*Exercise input:*
= = =
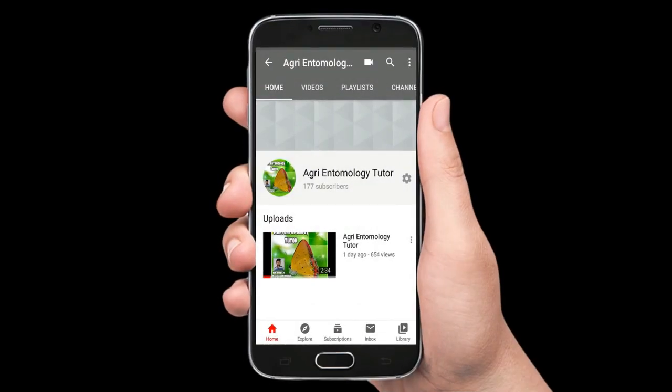Welcome to the channel Agri-Entomology Tutor. I am Varshini and I am doing a post-graduation in Agricultural Entomology at Junagad Agricultural University. Now let us solve some of the important objective questions of Entomology.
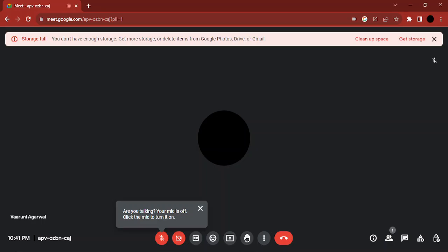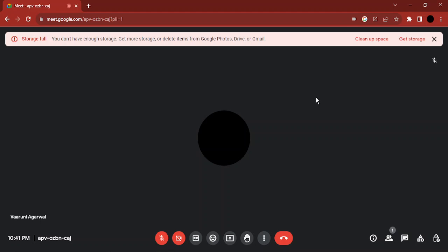Hello everyone, welcome to this video. In this video I'm going to show you how you can share your screen on a Google Meet. Right now I have joined a Google Meet from my desktop computer. You can share your screen from your desktop or even from your mobile phone using the same method.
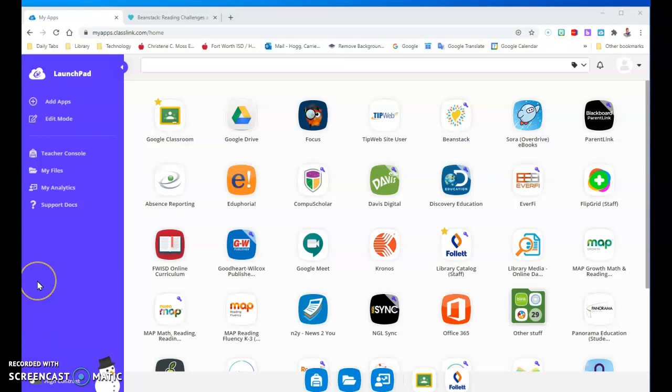Hello, this is Mrs. Hogg in the library and I'm going to show you how to use Beanstack to record your reading and win prizes from the library.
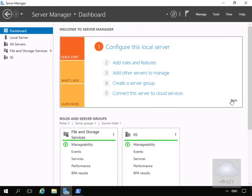In this demonstration we're going to have a look at installing, enabling, and then configuring data deduplication. In order to actually use data deduplication, the first thing we have to do is install the data deduplication role service.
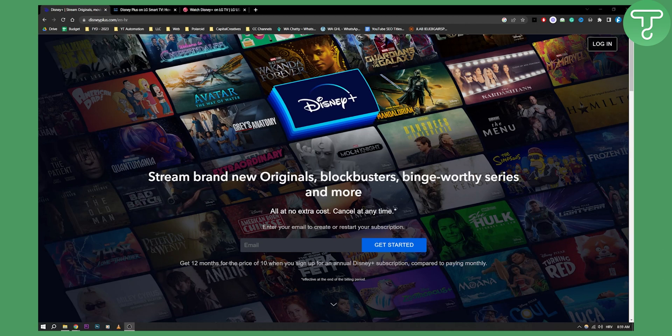Before we get started, make sure to subscribe down below and let's get started with the video. How can you add Disney Plus on LG Smart TV?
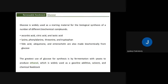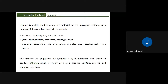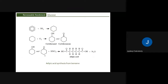Glucose is used as a starting material for biological synthesis of numerous biochemical compounds including ascorbic acid, lactic acid, several amino acids used as nutritional supplements, and certain vitamins. However, its greatest use is fermentation to produce ethanol, which is widely used as a gasoline additive, solvent, and chemical feedstock.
= = =
Nothing but the lines from the one containing "Before we get" through the last line of the listing should be copied, each word for word and without pictures.

Before we get started, make sure to subscribe down below and let's get started with the video. How can you add Disney Plus on LG Smart TV?
Glucose is used as a starting material for biological synthesis of numerous biochemical compounds including ascorbic acid, lactic acid, several amino acids used as nutritional supplements, and certain vitamins. However, its greatest use is fermentation to produce ethanol, which is widely used as a gasoline additive, solvent, and chemical feedstock.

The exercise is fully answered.